The complaints name as defendants Hitsgalore and its CEO and president, and
allege that the company knew and failed to disclose that its founder, Dorian
Reed, along with two other individuals, had been ordered to pay over $600,000
to 100 customers for “false claims made by Internet Business Broadcasting, a
failed online advertising company they worked for.”
The Rancho Cucamonga, CA-based company’s stock has tanked since the news
broke last week. The OTC stock closed Tuesday at 4 19/32. It had traded at
more than $20 before Reed resigned last week.
The earlier class action stockholder suit was filed by the Los Angeles firm
of Weiss & Yourman.
Meanwhile, Bloomberg News, which broke the story,
reported that the company “has an investor relations official who cheated
clients as a stockbroker, state documents show.”
The news service said that Frank Pinizzotto, 38, handles investor relations
for the
Internet advertising company from Florida. In 1995, he was the target of a
complaint by the state’s Division of Securities and Investment Banking which
found that as a broker for Lew Lieberbaum & Co. in 1991, he defrauded
customers by selling them shares “at
prices which were neither fair nor reasonable,” Bloomberg said.
He was also found to have made unsuitable recommendations and illegally sold
unregistered securities, according to the Florida administrative complaint.

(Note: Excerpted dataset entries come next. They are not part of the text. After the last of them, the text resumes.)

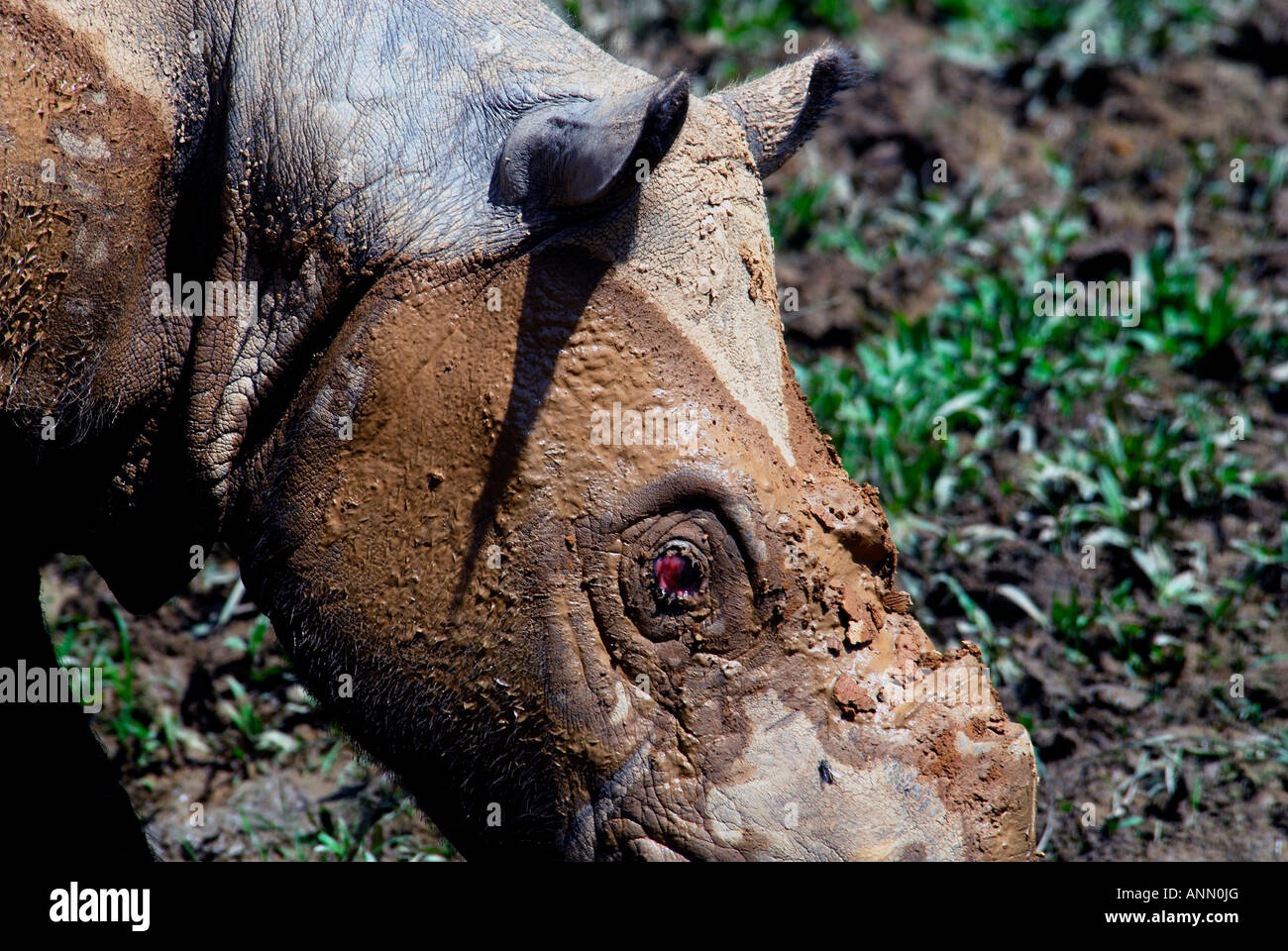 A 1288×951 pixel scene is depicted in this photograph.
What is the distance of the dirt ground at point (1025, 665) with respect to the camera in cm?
459

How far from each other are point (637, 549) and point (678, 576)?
111 millimetres

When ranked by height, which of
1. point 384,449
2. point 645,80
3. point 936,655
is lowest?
point 936,655

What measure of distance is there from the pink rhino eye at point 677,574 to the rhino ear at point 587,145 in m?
0.81

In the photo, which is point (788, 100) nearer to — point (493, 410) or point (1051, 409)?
point (493, 410)

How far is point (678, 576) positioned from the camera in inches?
117

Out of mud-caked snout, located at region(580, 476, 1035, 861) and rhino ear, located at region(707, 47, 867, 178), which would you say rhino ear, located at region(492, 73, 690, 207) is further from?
mud-caked snout, located at region(580, 476, 1035, 861)

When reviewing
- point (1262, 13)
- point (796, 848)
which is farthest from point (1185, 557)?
point (1262, 13)

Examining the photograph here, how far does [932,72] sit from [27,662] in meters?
5.89

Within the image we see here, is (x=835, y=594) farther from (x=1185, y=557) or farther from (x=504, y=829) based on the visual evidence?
(x=1185, y=557)

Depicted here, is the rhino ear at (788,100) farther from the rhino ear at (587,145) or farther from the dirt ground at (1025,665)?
the rhino ear at (587,145)

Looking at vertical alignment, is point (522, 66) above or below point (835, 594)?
above

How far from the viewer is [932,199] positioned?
6.97 m

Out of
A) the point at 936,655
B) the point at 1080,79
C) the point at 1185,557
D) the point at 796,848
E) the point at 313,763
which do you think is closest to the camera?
the point at 796,848

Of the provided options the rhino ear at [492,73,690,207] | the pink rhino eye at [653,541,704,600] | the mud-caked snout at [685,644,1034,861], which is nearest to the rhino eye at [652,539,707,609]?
the pink rhino eye at [653,541,704,600] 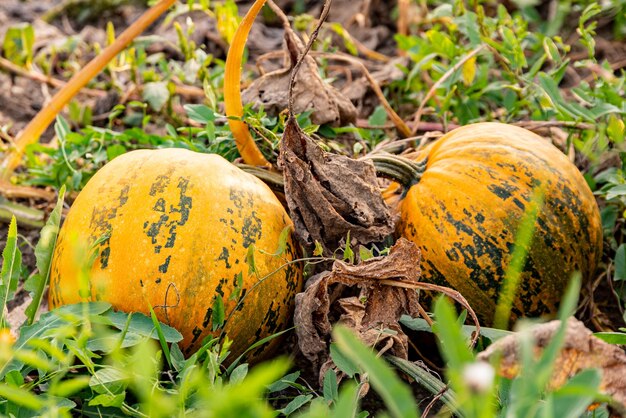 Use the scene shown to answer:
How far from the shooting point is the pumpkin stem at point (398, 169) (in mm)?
2154

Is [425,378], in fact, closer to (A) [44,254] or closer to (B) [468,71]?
(A) [44,254]

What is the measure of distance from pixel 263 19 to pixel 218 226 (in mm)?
3513

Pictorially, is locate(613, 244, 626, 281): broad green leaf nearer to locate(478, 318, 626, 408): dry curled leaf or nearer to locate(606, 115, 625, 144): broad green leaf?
locate(606, 115, 625, 144): broad green leaf

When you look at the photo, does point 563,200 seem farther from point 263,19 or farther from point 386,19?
point 263,19

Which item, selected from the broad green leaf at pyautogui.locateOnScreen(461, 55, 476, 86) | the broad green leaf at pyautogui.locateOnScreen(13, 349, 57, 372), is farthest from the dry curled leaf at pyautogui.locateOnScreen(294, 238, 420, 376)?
the broad green leaf at pyautogui.locateOnScreen(461, 55, 476, 86)

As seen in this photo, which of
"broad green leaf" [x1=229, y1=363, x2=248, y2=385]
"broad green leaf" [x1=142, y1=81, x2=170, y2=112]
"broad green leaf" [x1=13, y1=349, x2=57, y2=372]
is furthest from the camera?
"broad green leaf" [x1=142, y1=81, x2=170, y2=112]

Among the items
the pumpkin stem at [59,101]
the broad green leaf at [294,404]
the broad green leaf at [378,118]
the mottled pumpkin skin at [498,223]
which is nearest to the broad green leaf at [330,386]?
the broad green leaf at [294,404]

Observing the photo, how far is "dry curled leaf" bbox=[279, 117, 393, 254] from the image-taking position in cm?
194

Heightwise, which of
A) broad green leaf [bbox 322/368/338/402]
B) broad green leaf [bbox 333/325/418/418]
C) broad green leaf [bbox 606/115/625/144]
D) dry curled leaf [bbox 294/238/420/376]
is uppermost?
broad green leaf [bbox 333/325/418/418]

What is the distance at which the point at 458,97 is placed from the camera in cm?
298

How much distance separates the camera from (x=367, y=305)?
72.2 inches

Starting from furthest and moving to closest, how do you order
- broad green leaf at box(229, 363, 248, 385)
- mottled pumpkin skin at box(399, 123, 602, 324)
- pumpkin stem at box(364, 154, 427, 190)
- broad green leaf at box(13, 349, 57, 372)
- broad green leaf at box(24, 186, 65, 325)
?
1. pumpkin stem at box(364, 154, 427, 190)
2. mottled pumpkin skin at box(399, 123, 602, 324)
3. broad green leaf at box(24, 186, 65, 325)
4. broad green leaf at box(229, 363, 248, 385)
5. broad green leaf at box(13, 349, 57, 372)

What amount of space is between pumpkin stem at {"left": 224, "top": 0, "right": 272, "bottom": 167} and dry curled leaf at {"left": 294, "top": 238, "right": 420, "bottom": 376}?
56 centimetres

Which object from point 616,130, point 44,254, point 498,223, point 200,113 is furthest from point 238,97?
point 616,130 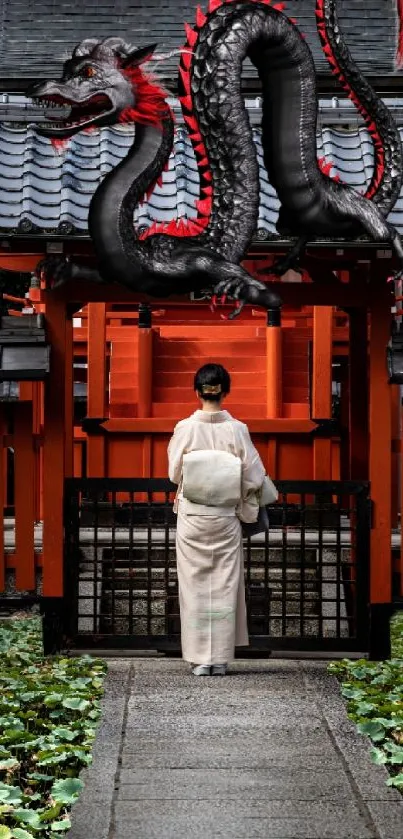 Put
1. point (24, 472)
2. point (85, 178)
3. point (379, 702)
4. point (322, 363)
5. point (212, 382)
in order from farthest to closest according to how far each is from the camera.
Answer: point (322, 363), point (24, 472), point (85, 178), point (212, 382), point (379, 702)

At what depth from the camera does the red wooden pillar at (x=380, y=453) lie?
982cm

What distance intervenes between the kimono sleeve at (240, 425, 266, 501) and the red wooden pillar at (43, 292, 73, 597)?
5.48ft

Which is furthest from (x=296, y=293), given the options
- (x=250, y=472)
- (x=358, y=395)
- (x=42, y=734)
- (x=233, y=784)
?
(x=233, y=784)

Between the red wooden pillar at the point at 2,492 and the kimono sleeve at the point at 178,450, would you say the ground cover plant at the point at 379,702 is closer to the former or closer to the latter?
the kimono sleeve at the point at 178,450

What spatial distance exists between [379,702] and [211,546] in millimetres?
1547

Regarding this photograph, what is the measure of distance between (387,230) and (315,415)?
30.9 ft

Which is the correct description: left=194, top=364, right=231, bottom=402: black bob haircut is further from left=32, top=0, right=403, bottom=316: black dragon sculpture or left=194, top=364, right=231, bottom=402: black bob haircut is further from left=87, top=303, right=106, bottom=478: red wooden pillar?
left=87, top=303, right=106, bottom=478: red wooden pillar

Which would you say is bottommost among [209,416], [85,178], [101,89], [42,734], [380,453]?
[42,734]

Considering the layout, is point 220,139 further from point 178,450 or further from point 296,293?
point 296,293

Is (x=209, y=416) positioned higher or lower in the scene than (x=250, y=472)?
higher

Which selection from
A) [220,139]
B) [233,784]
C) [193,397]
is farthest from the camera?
[193,397]

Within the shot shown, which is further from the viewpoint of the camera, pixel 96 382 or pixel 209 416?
pixel 96 382

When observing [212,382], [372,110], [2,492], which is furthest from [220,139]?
[2,492]

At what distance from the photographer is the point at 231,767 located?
6.56 metres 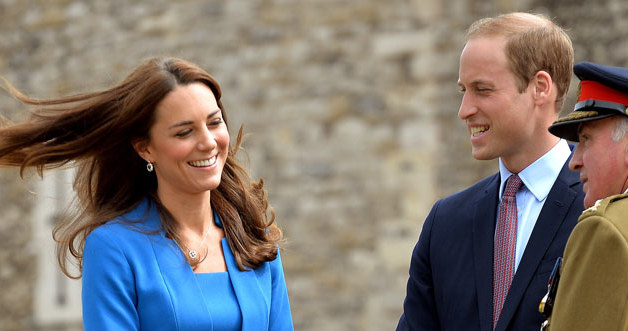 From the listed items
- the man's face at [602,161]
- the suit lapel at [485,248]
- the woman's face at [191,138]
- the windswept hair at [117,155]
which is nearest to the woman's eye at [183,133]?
the woman's face at [191,138]

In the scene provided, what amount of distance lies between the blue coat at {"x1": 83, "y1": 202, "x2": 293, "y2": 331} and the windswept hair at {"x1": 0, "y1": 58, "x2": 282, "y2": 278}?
73mm

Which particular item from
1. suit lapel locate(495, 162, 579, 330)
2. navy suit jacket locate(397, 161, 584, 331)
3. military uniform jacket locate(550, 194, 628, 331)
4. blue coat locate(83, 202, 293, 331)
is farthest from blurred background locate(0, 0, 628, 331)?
military uniform jacket locate(550, 194, 628, 331)

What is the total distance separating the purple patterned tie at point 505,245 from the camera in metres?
3.55

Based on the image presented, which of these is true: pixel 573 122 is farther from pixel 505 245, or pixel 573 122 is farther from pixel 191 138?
pixel 191 138

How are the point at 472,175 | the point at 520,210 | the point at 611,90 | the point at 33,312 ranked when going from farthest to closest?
→ the point at 33,312, the point at 472,175, the point at 520,210, the point at 611,90

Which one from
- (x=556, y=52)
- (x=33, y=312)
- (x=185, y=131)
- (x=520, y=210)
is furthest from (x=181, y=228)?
(x=33, y=312)

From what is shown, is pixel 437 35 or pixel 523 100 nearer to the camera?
pixel 523 100

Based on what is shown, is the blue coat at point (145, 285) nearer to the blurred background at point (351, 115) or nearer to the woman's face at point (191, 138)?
the woman's face at point (191, 138)

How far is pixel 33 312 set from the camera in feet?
38.5

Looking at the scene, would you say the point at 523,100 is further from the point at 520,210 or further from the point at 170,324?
the point at 170,324

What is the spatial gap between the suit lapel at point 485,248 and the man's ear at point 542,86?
35 centimetres

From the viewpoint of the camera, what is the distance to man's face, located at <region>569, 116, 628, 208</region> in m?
2.98

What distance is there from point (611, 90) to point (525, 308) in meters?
0.76

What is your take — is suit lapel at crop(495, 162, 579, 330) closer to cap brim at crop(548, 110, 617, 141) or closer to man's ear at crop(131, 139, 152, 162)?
cap brim at crop(548, 110, 617, 141) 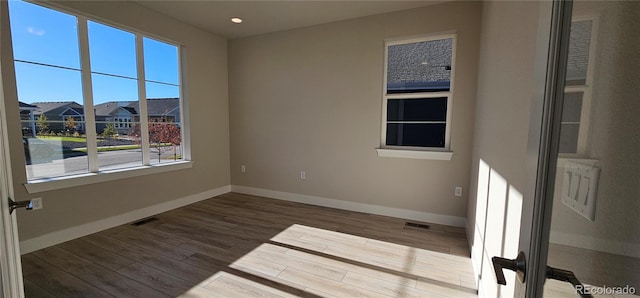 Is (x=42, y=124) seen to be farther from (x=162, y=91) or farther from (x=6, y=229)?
(x=6, y=229)

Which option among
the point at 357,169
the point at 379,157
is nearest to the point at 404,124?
the point at 379,157

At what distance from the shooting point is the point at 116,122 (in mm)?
3156

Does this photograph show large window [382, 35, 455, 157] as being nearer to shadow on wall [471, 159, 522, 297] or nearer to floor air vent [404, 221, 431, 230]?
floor air vent [404, 221, 431, 230]

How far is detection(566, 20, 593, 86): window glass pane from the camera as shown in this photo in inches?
18.8

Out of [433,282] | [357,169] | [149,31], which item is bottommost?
[433,282]

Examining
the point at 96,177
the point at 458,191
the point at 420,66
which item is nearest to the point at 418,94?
the point at 420,66

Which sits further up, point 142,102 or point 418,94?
point 418,94

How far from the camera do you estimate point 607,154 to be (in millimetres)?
441

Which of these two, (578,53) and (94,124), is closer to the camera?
(578,53)

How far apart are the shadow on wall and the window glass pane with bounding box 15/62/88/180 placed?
155 inches

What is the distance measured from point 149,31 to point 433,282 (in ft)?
14.0

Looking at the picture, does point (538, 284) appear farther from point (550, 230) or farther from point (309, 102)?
point (309, 102)

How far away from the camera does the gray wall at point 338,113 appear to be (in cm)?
308

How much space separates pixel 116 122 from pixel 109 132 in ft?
0.48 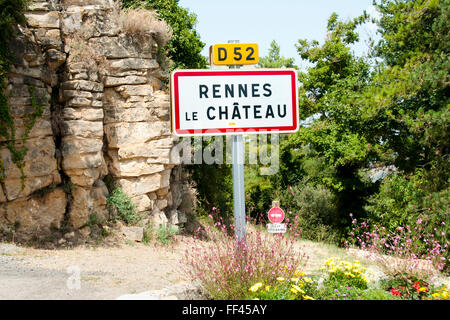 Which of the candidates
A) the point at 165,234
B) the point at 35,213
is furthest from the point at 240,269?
the point at 165,234

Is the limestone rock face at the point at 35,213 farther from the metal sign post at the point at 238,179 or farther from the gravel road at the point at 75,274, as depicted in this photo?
the metal sign post at the point at 238,179

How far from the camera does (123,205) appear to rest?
13773 millimetres

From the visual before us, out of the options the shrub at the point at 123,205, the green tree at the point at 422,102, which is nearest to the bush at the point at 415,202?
the green tree at the point at 422,102

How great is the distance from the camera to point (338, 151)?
20.8 meters

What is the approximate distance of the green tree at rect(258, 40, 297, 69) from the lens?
3222 centimetres

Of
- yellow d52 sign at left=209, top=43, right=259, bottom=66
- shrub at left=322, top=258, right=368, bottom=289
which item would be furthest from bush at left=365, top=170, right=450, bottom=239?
yellow d52 sign at left=209, top=43, right=259, bottom=66

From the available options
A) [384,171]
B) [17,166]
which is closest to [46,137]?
[17,166]

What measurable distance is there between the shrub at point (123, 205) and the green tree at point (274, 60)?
808 inches

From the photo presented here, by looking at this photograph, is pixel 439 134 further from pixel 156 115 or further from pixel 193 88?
pixel 193 88

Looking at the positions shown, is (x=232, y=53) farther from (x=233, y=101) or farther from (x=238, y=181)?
(x=238, y=181)

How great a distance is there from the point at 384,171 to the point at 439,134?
682cm

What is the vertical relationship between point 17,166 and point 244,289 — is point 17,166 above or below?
above

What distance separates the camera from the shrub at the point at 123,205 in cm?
1366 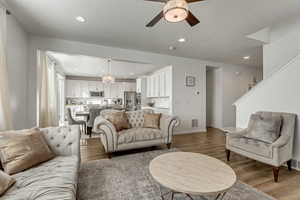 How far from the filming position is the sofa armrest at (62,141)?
6.40 feet

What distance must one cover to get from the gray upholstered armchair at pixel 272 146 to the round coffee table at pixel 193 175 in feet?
3.63

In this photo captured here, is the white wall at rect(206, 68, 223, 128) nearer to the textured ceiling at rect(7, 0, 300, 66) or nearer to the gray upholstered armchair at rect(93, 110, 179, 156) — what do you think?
the textured ceiling at rect(7, 0, 300, 66)

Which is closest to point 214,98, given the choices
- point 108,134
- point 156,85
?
point 156,85

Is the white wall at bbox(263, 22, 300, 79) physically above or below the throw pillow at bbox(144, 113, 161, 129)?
above

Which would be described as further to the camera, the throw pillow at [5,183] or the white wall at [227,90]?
the white wall at [227,90]

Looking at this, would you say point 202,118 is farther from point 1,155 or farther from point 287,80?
point 1,155

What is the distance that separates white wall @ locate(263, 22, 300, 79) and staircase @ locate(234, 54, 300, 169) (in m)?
1.36

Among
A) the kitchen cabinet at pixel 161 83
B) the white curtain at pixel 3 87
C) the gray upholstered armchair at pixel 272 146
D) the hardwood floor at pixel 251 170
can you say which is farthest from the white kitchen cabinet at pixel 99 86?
the gray upholstered armchair at pixel 272 146

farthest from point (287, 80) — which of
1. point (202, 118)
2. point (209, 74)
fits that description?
point (209, 74)

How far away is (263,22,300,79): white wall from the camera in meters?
3.41

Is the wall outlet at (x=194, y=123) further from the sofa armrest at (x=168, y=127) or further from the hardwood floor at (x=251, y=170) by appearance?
the sofa armrest at (x=168, y=127)

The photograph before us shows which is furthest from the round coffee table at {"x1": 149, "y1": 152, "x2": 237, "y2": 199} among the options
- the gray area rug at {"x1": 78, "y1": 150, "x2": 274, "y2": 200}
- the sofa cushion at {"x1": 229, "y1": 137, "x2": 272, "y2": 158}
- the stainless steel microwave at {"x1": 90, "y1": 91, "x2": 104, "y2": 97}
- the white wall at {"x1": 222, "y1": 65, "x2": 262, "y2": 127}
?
the stainless steel microwave at {"x1": 90, "y1": 91, "x2": 104, "y2": 97}

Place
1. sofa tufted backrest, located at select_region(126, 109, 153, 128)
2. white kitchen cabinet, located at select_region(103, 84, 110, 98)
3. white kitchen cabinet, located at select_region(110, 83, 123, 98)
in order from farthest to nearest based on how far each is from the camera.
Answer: white kitchen cabinet, located at select_region(110, 83, 123, 98) → white kitchen cabinet, located at select_region(103, 84, 110, 98) → sofa tufted backrest, located at select_region(126, 109, 153, 128)

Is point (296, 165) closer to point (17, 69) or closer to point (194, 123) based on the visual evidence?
point (194, 123) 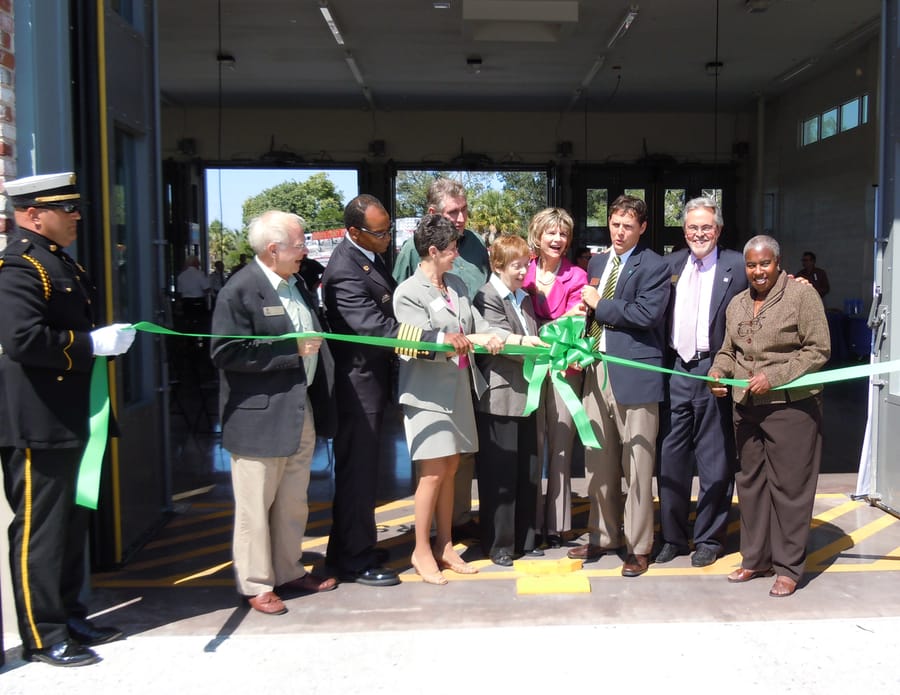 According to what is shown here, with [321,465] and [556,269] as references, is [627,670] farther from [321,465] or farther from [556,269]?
[321,465]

In 1992, Pinizzotto was suspended for five days by the National Association
of Securities Dealers after being accused of telling a customer he would make
money in a stock because the president of the company would move its shares
higher, Bloomberg said.
Pinizzotto quit as a stockbroker in 1992 after working for seven different
firms over nine years. Asked why he left the stock brokerage industry, he was
quoted as saying: “I have my reasons.”